Consumer News

You say tomato, I say false advertising?

V8 says its tomato-based juice is 100 percent vegetable. But aren’t tomatoes fruits?

Consumer News

You say tomato, I say false advertising?

Tomatoes are red, juicy, delicious, a deterrent for bad comedians, and the base for a number of sauces, soups, and juices. Yet for all their uses, an age-old question still lingers over the tomato: Are they fruits or vegetables? Specifically, truthinadvertising.org reader Linda F. wants to know whether V8’s advertising holds up for its 100 percent vegetable juices that contain tomatoes.

What’s a vegetable?

In botanical terms, Linda F. has a point. Fruits are the ripened ovaries and seeds of a flowering plant, and tomatoes are therefore fruits in the strictest sense. But culinarily speaking, tomatoes are lower in sugar than most fruits, are closely related to potatoes and eggplants, and are prepared by cooking and boiling as vegetables often are. As such, they’re often grouped with vegetables.
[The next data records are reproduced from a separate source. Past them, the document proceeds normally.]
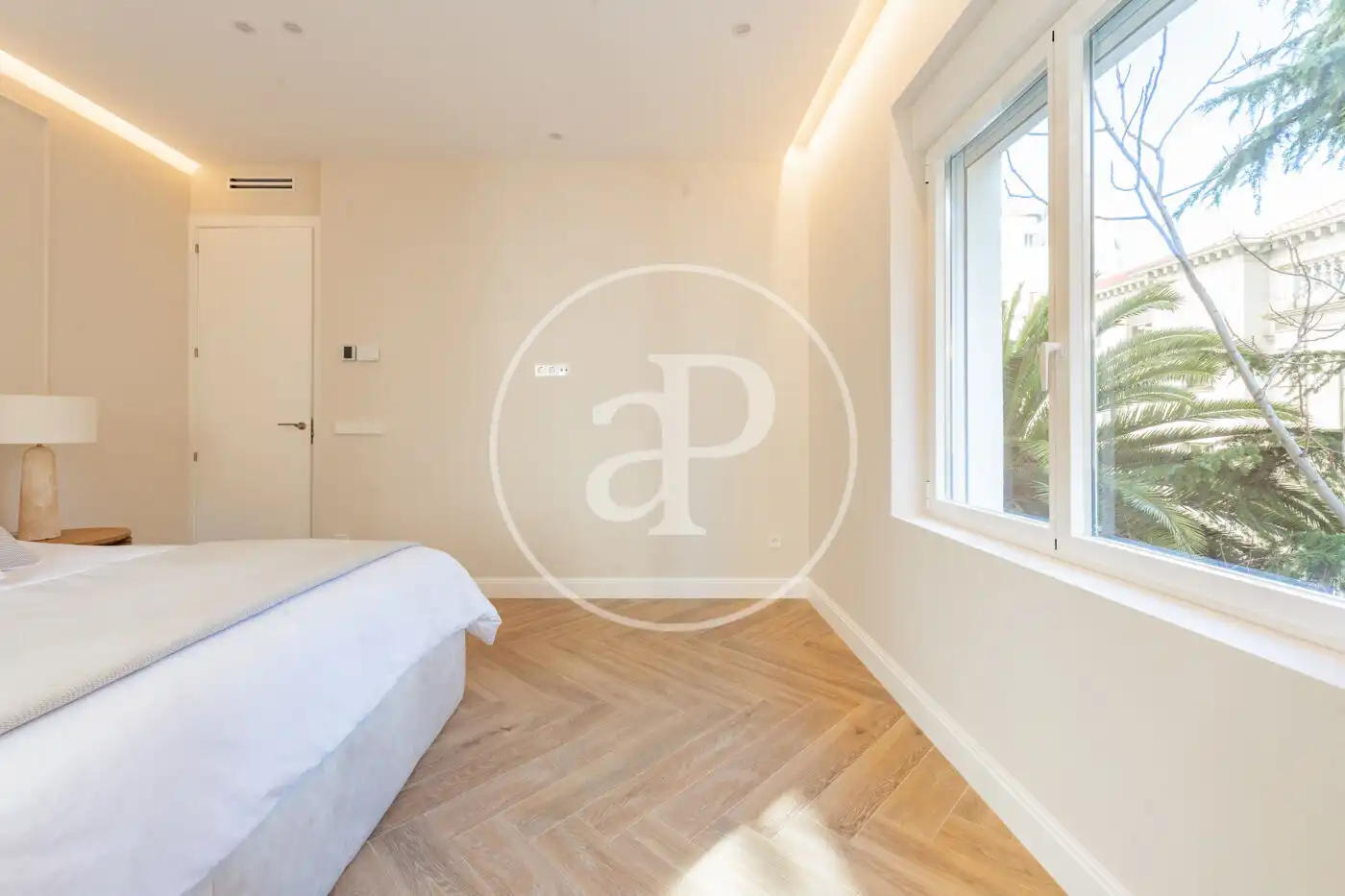 Schlafzimmer von Wohnung zum Verkauf in Madrid mit Klimaanlage, Heizung und Abstellraum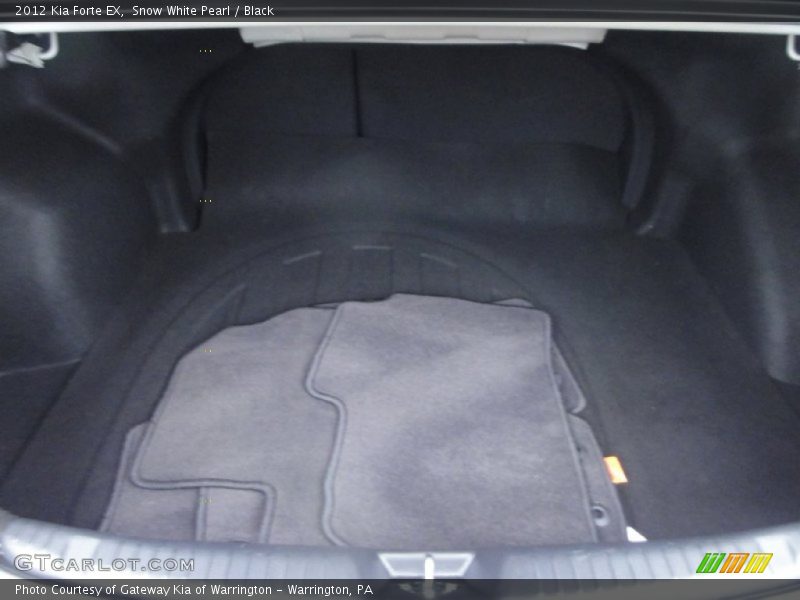 Snow White Pearl / Black 2012 Kia Forte EX
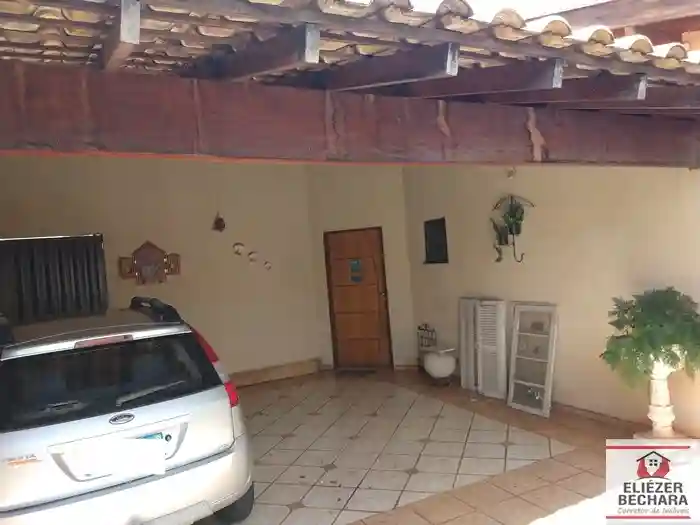 Casa com 2 quartos à venda, 360m² — foto 2 de 37
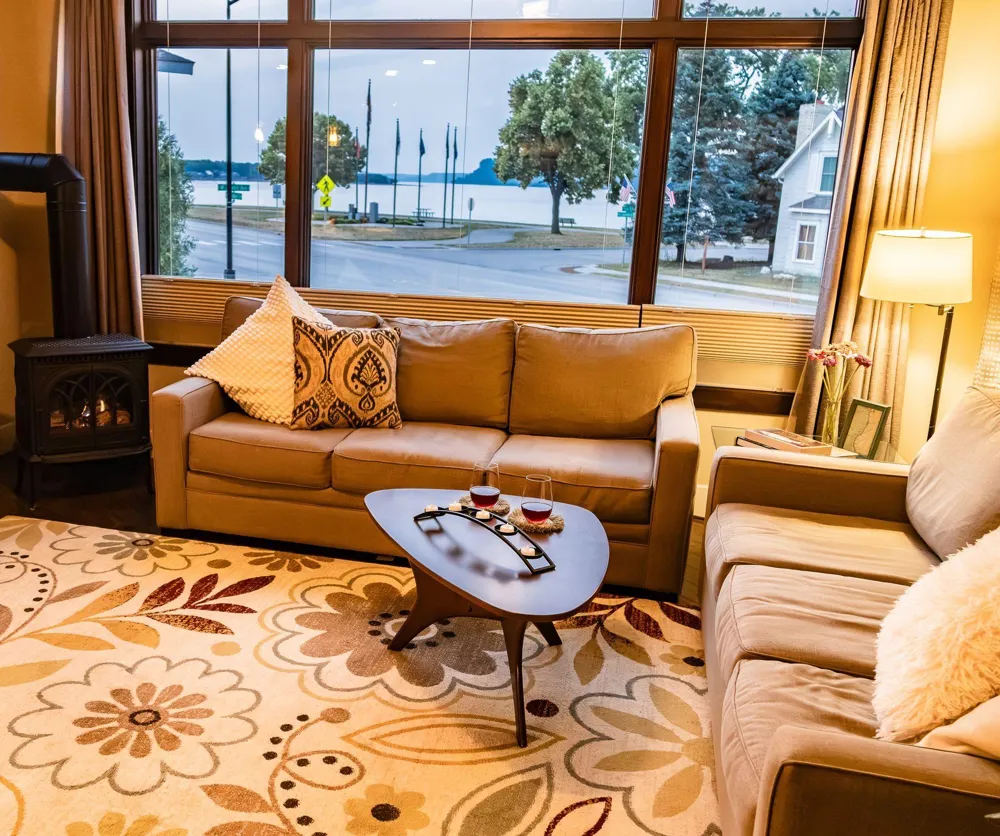 519 Lakeshore Drive Lake City, MN 55041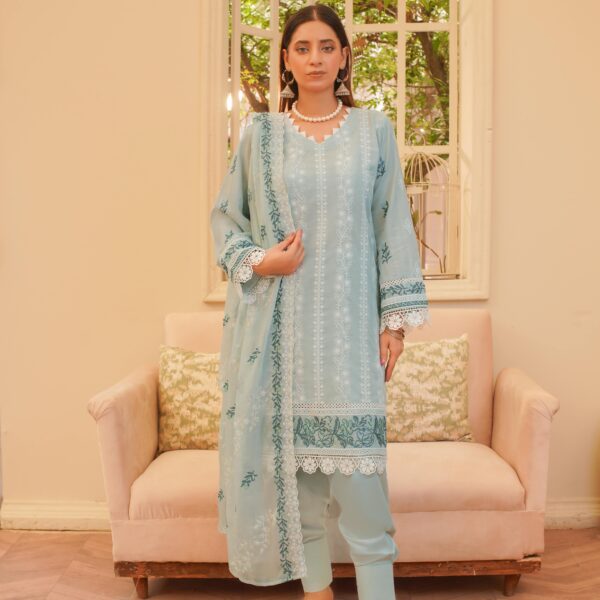 Manizay Ghulfam Premium Embroidered Bana Dora Lawn With Embroidered Crinkle Dupatta M-08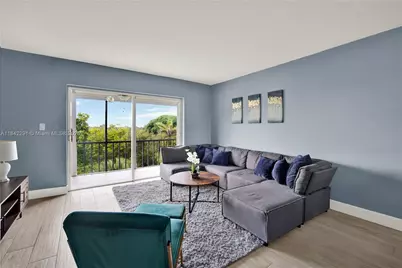 950 Hillcrest Dr #414, Hollywood, FL 33021 - Photo 2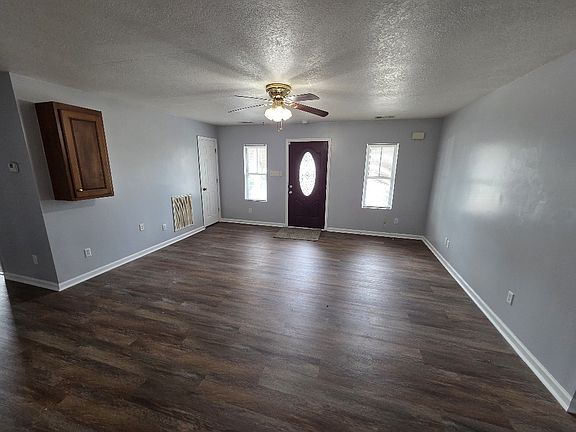 4th image of 625 David St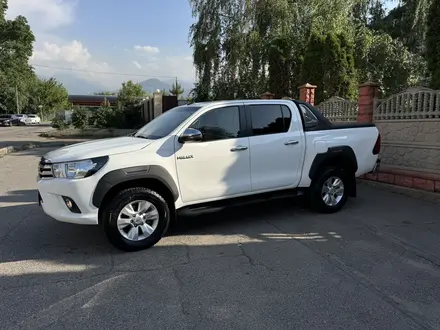 Toyota Hilux 2018 года за 13 800 000 тг. в Алматы – фото 9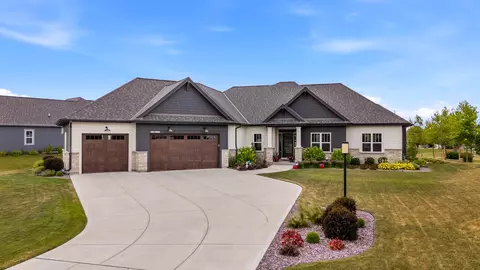 w198n4971 Hickory, Menomonee Falls, WI 53051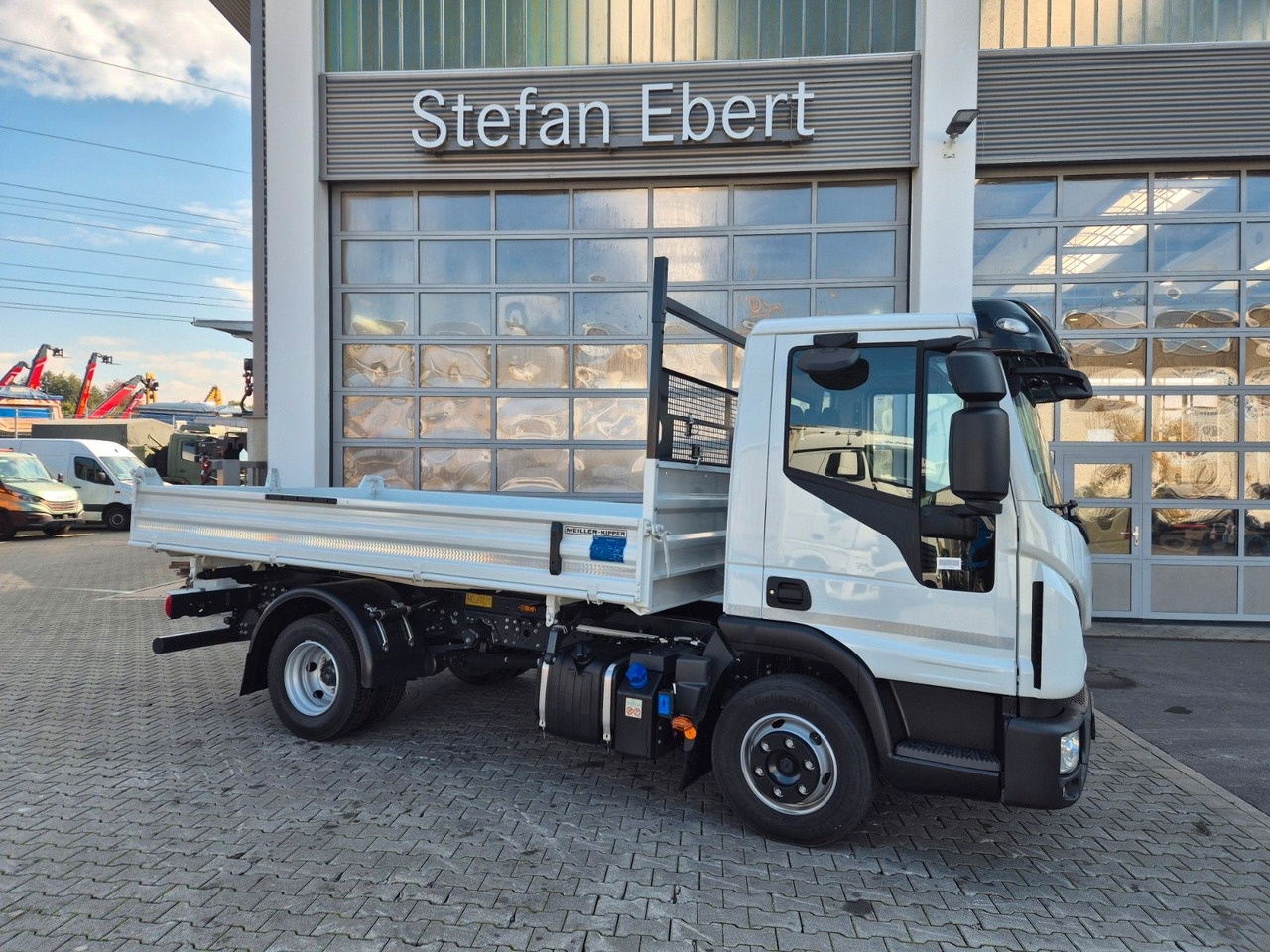 Iveco Eurocargo ML80E21 Meiller 2x AHK 3 Sitze Klima - Kipper bestelwagen: afbeelding 4 Iveco Eurocargo ML80E21 Meiller 2x AHK 3 Sitze Klima - Kipper bestelwagen: afbeelding 4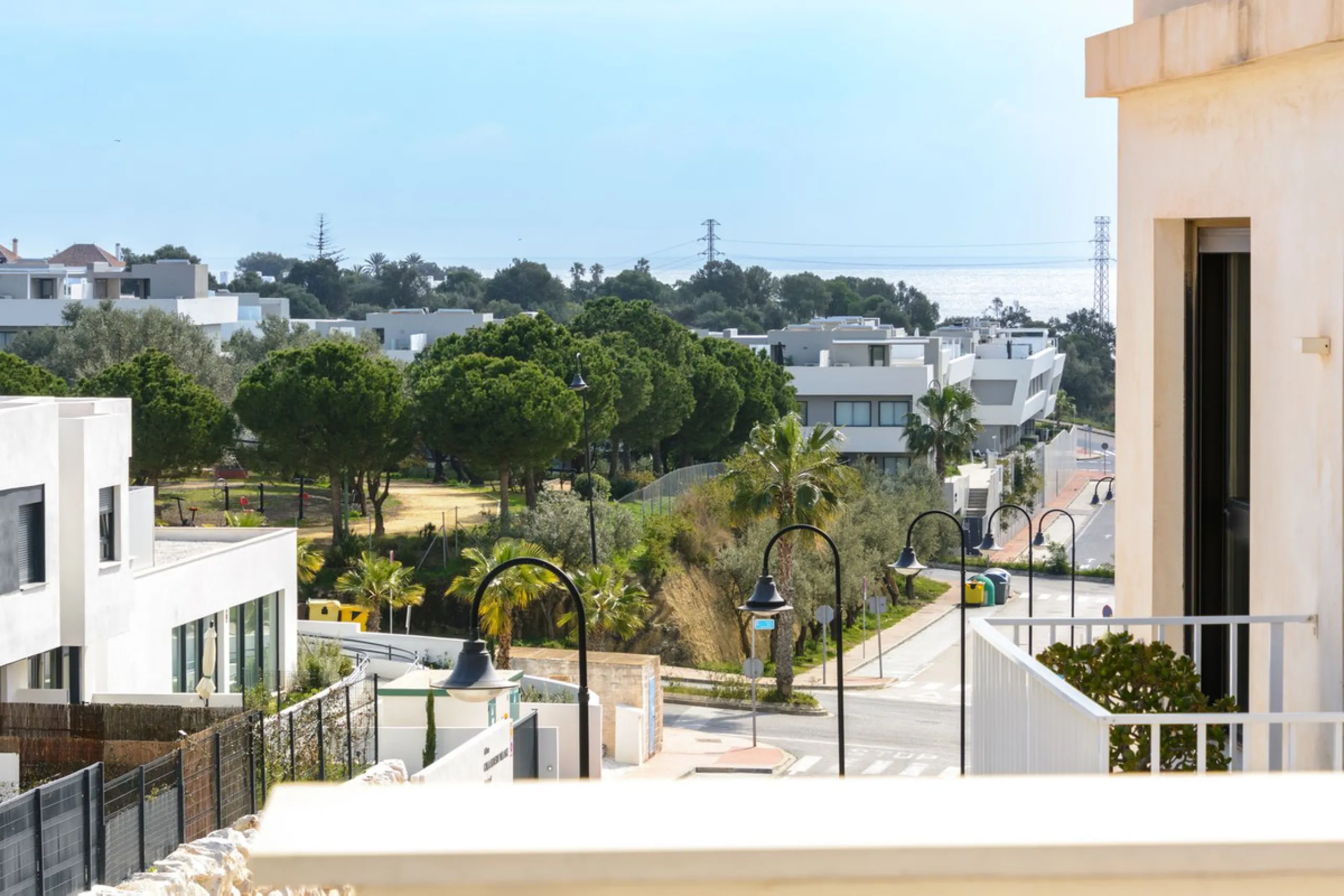 Exclusive modern apartment in Azalea Jardinana in La Cala with panoramic views of the sea and the whole of La Cala.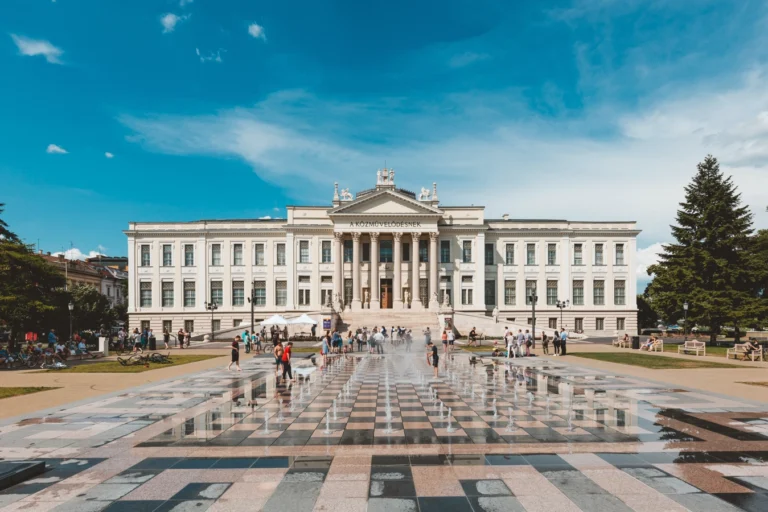 Kő és víz harmóniája: Szeged, Móra Ferenc park
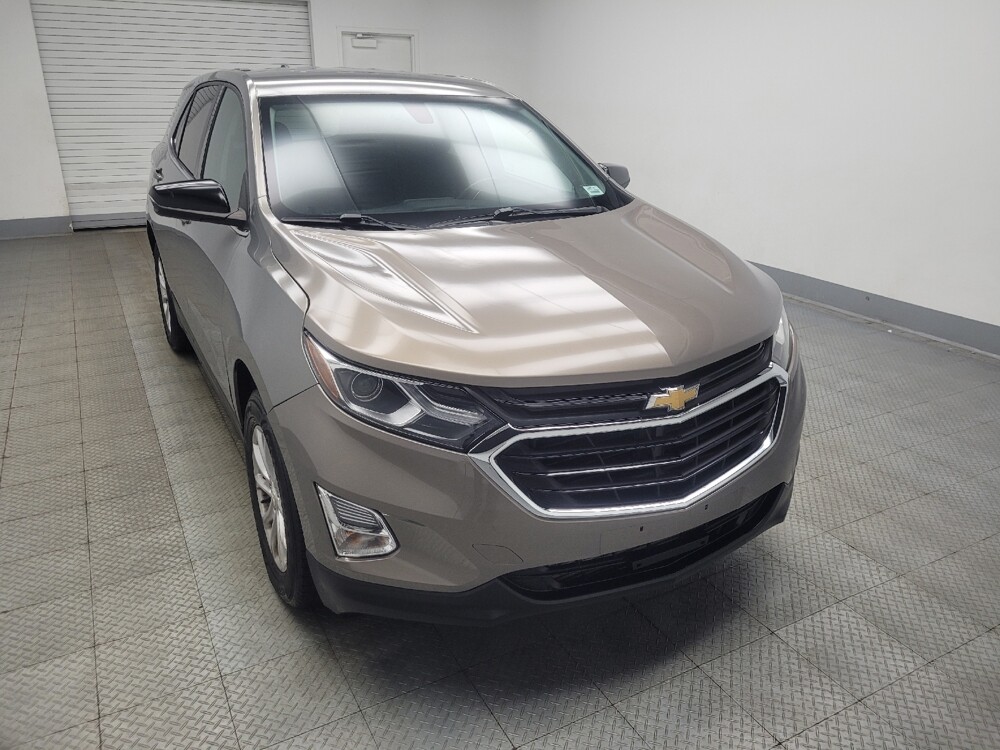 2018 Chevrolet Equinox in Indianapolis, IN 46222 - 18119731 13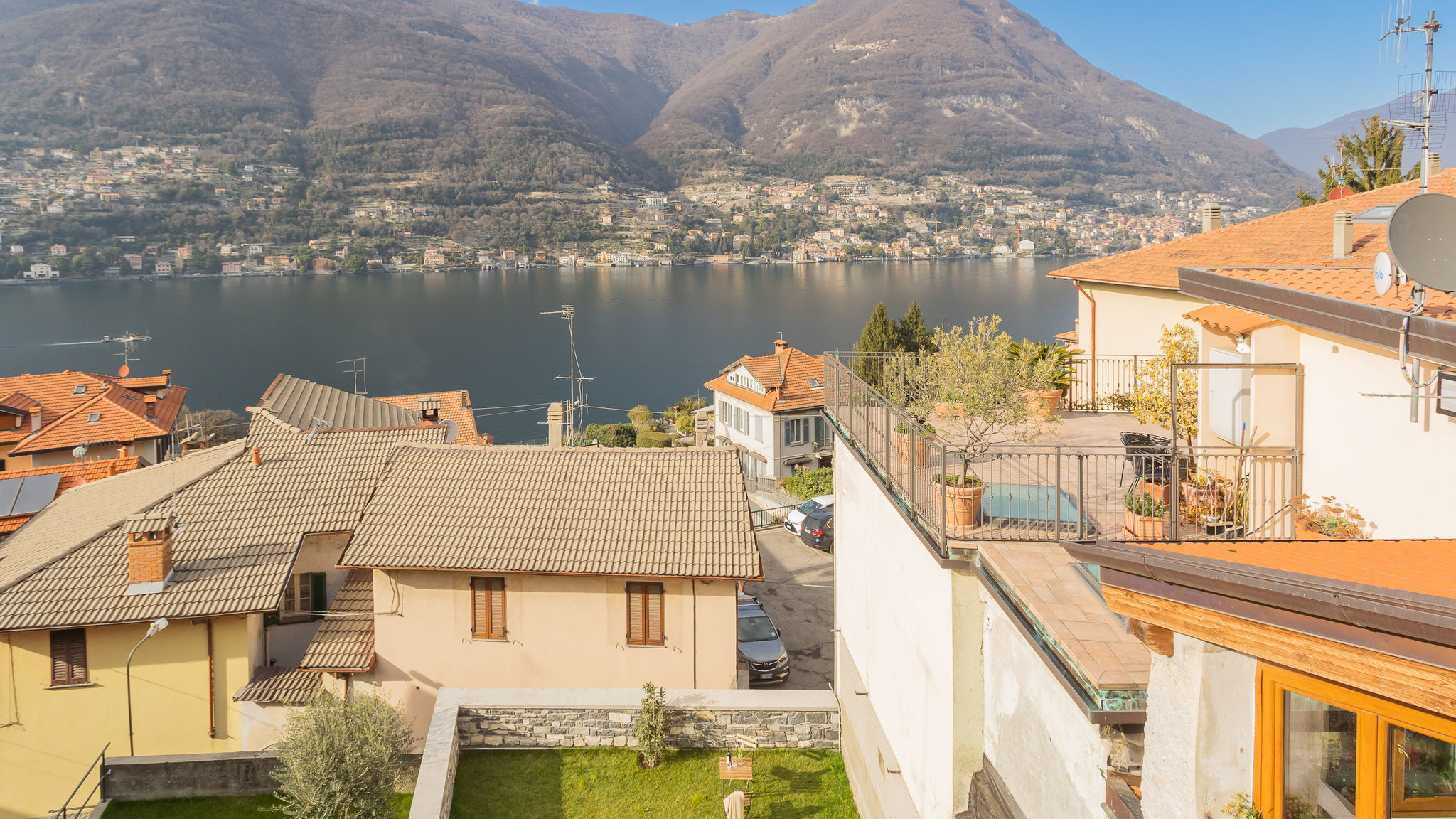 RentAllComo Torno Pozzo Vertical Apartment with garden and parking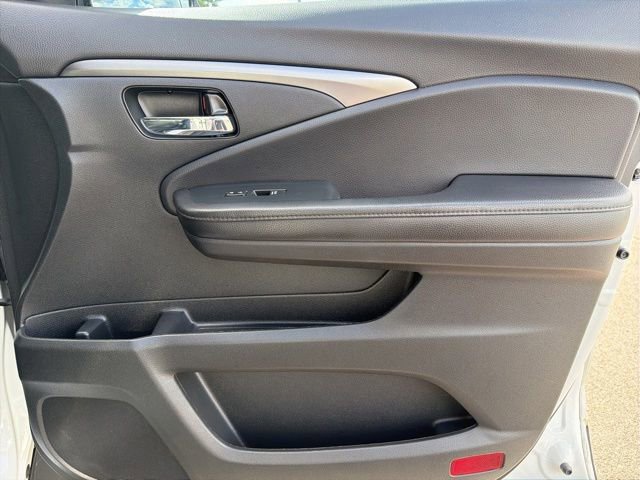 Used 2022 Honda Pilot Special Edition image 10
The issue reached the U.S. Supreme Court in the 1800s after a tariff act had declared the tomato a vegetable, making the distinction a financially important one to importers bringing tomatoes into the United States. A produce importer in New York who had to pay taxes on his tomatoes sued, arguing that tomatoes were fruits and thus should not be subject to the tariff. Justice Horace Gray wrote in the 1893 Nix v. Hedden Supreme Court decision:

“Botanically speaking, tomatoes are the fruit of a vine, just as are cucumbers, squashes, beans, and peas. But in the common language of the people, whether sellers or consumers of provisions, all these are vegetables …”

So while tomatoes are botanically fruits, they were legally declared vegetables, at least in the United States and for the purposes of tariffs. The Nix v. Heddon decision is still occasionally cited today.

Condiment controversy

But even government can’t keep the fruit-or-vegetable distinction straight for tomatoes and tomato products. In the 1980s, President Ronald Reagan lobbied to classify ketchup and other condiments as a vegetable so they would meet the vegetable serving requirements for school lunch programs facing budget cuts. He lost. But under current rules, tomato paste used on a slice of pizza qualifies as a serving of vegetables.

Even the states disagree with one another and even themselves. The tomato is the state vegetable of New Jersey. It is also the state fruit of both Ohio and Tennessee. It is both the state fruit and the state vegetable of Arkansas.

And even dictionaries still disagree, some listing tomatoes as an example of a vegetable.

V8: Vegetable or fruit juice?

So while there is a botanical argument against labeling products containing tomatoes as 100-percent vegetable, V8’s probably in the clear. Tomato, tomato, as they say.